> _Problem statement_
The listing is to be printed word for word, pictures omitted.

> _Provided material_

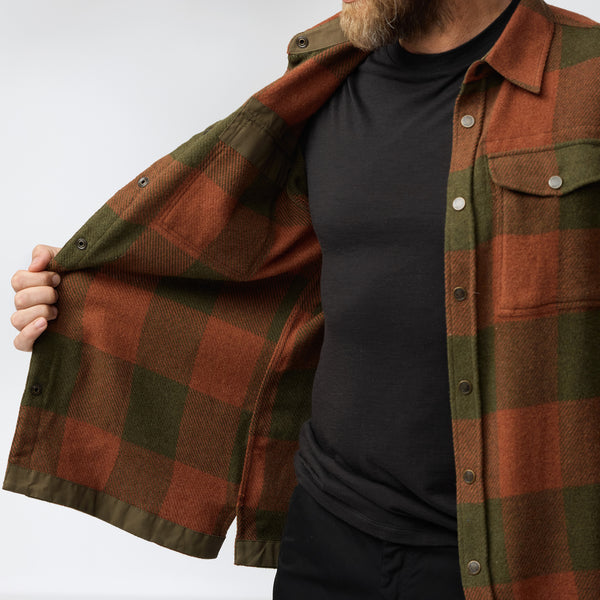 Camisa Hombre Canada Shirt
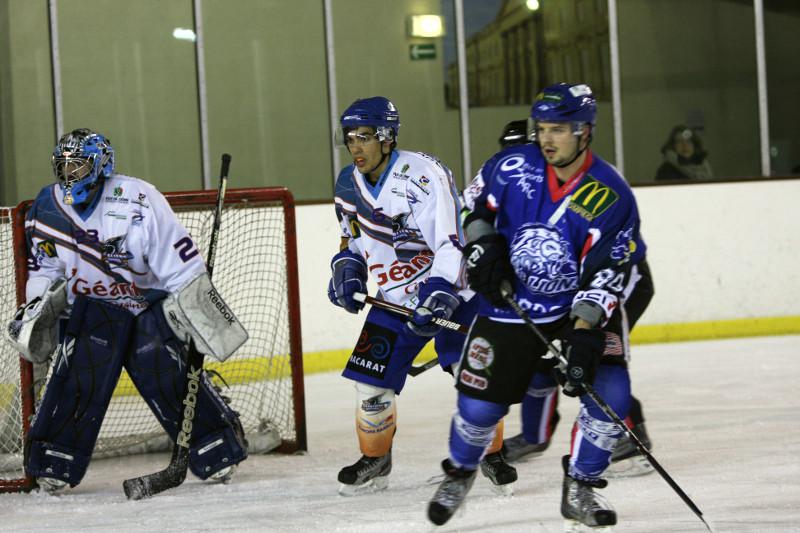 Compiègne 6 - 4 Clermont-Ferrand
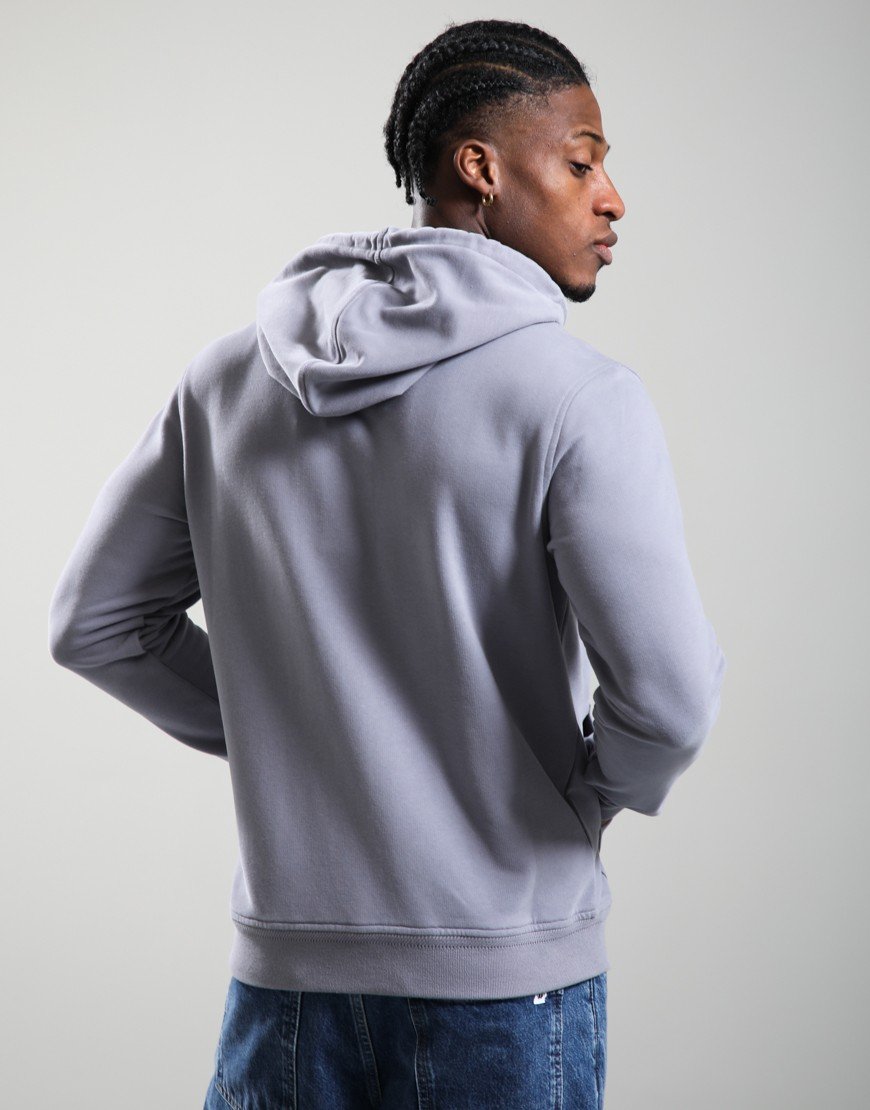 Belstaff Full Zip Hoodie Faded Indigo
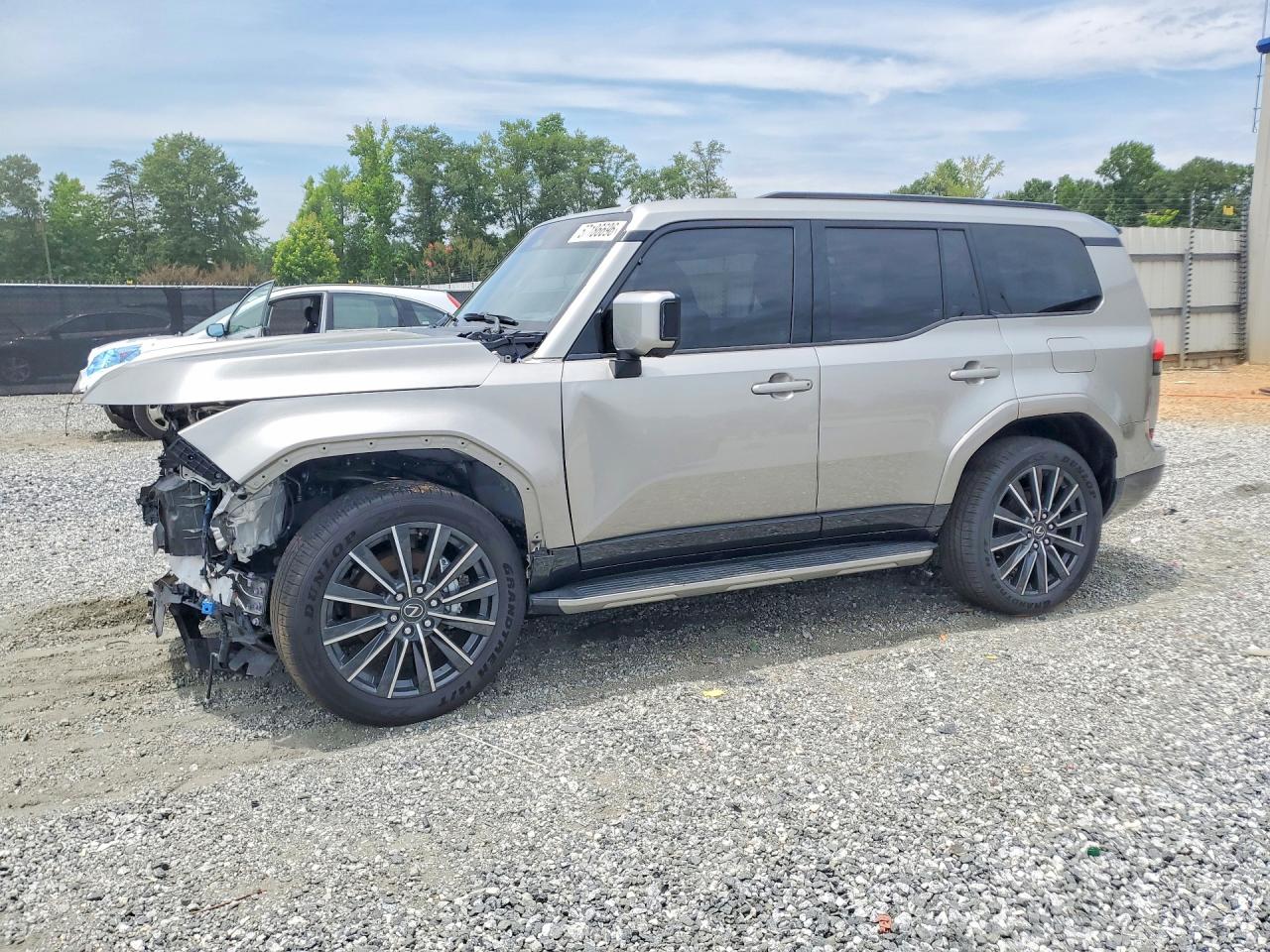 2025 LEXUS GX 550 LUXURY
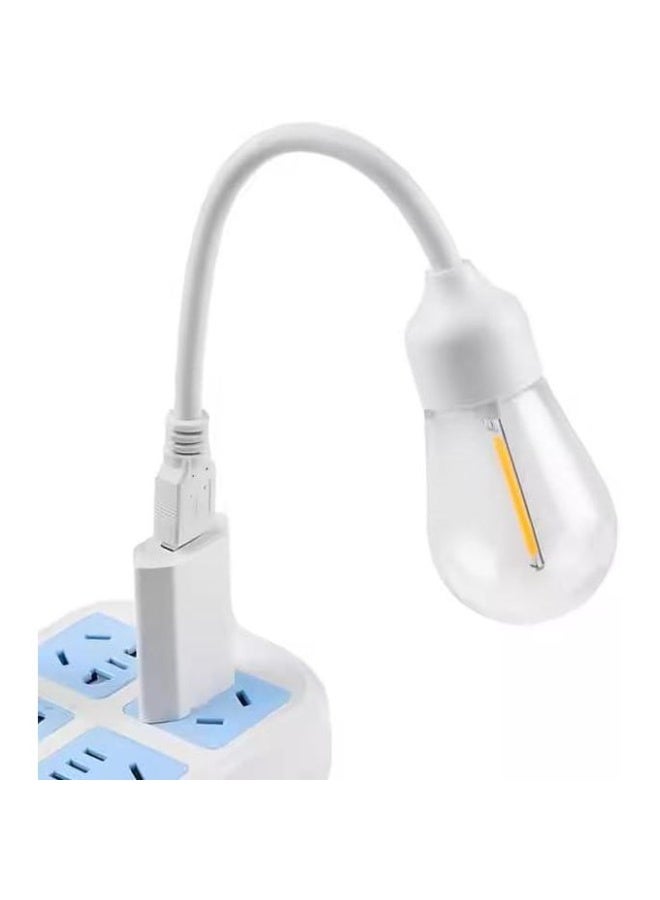 USB LED Tungsten Light Bulb, Reading Light, Camping Light, Night Light, USB Energy Saving - Image 2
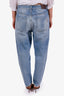 Brunello Cucinelli Blue Baggy Tapered Jeans Size 8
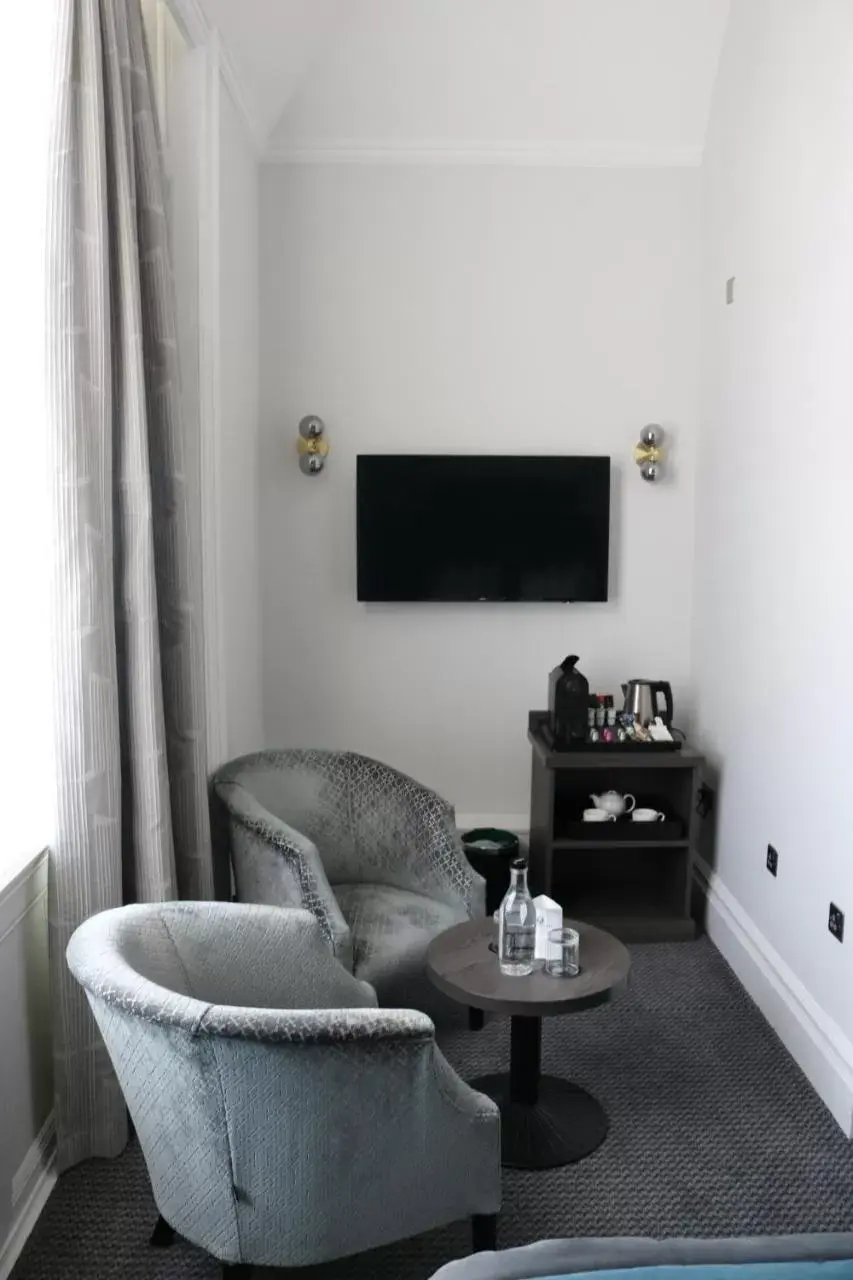 Living room, Seating Area in Rutland Hall Hotel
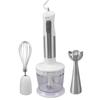 Food Processor 304 Stainless Steel Motor Electric Food Chopper for Slicing Shredding Mincing Puree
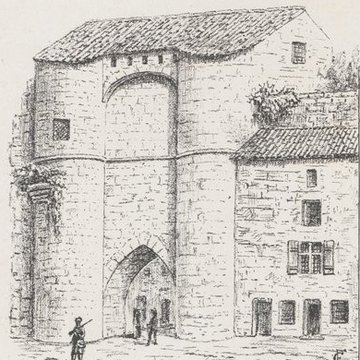 Porte Maubec de La Rochelle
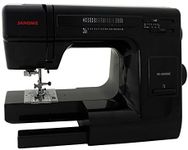 Janome HD 3000 BE Black Edition wit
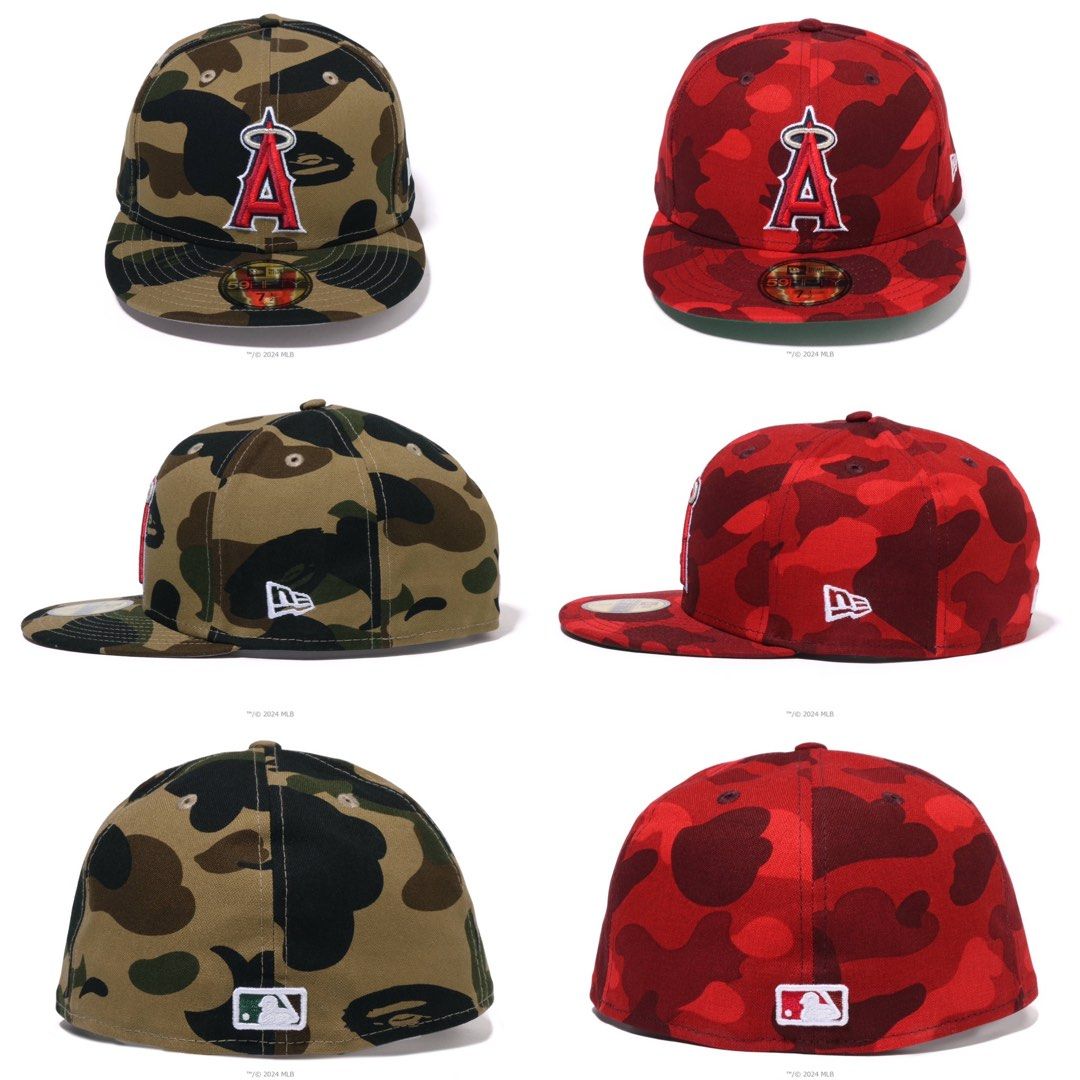 Bape Mlb New Era Baseball Bape New Era Hat Bape X MLB X New Era LA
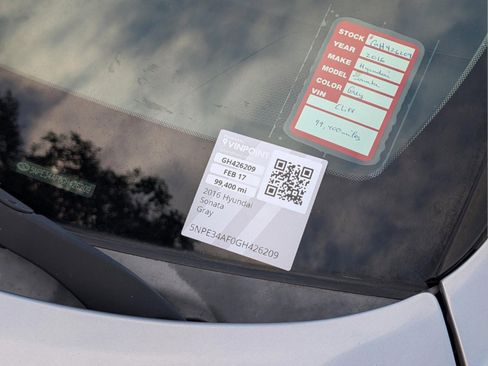 Used 2016 Hyundai Sonata Sport image 9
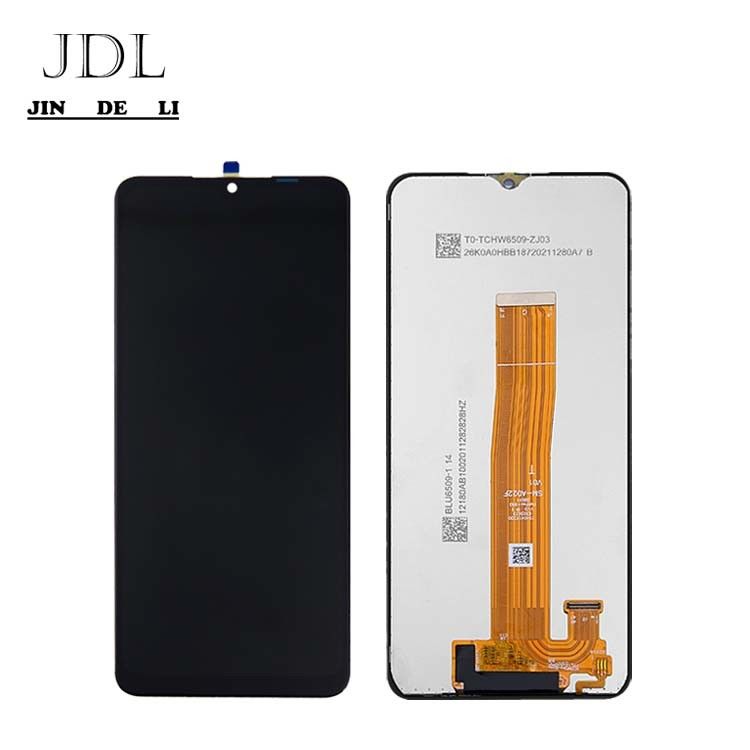 Tampilan Layar LCD A02 Bening 6,5 Inci Paket Layanan Asli LCD   A02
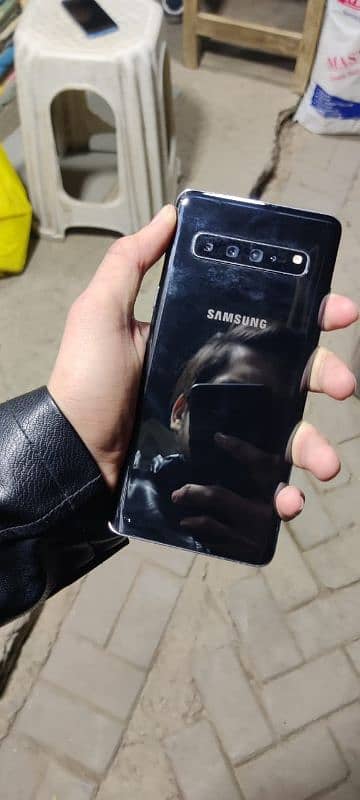 sumsang galaxy S10 5g 5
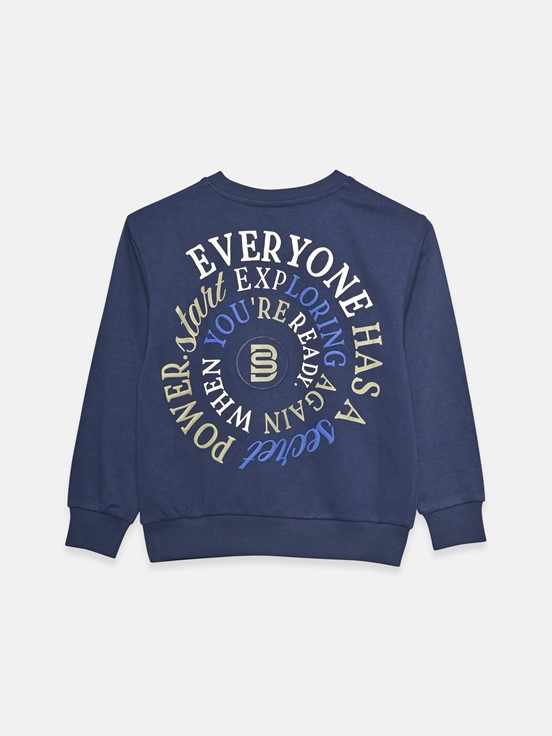 Sweatshirt LACİVERT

> _The answer_
 Camisa Hombre Canada Shirt
 Compiègne 6 - 4 Clermont-Ferrand
 Belstaff Full Zip Hoodie Faded Indigo
 2025 LEXUS GX 550 LUXURY
 USB LED Tungsten Light Bulb, Reading Light, Camping Light, Night Light, USB Energy Saving - Image 2
 Brunello Cucinelli Blue Baggy Tapered Jeans Size 8
 Living room, Seating Area in Rutland Hall Hotel
 Food Processor 304 Stainless Steel Motor Electric Food Chopper for Slicing Shredding Mincing Puree
 Porte Maubec de La Rochelle
 Janome HD 3000 BE Black Edition wit
 Bape Mlb New Era Baseball Bape New Era Hat Bape X MLB X New Era LA
 Used 2016 Hyundai Sonata Sport image 9
 Tampilan Layar LCD A02 Bening 6,5 Inci Paket Layanan Asli LCD   A02
 sumsang galaxy S10 5g 5
 Sweatshirt LACİVERT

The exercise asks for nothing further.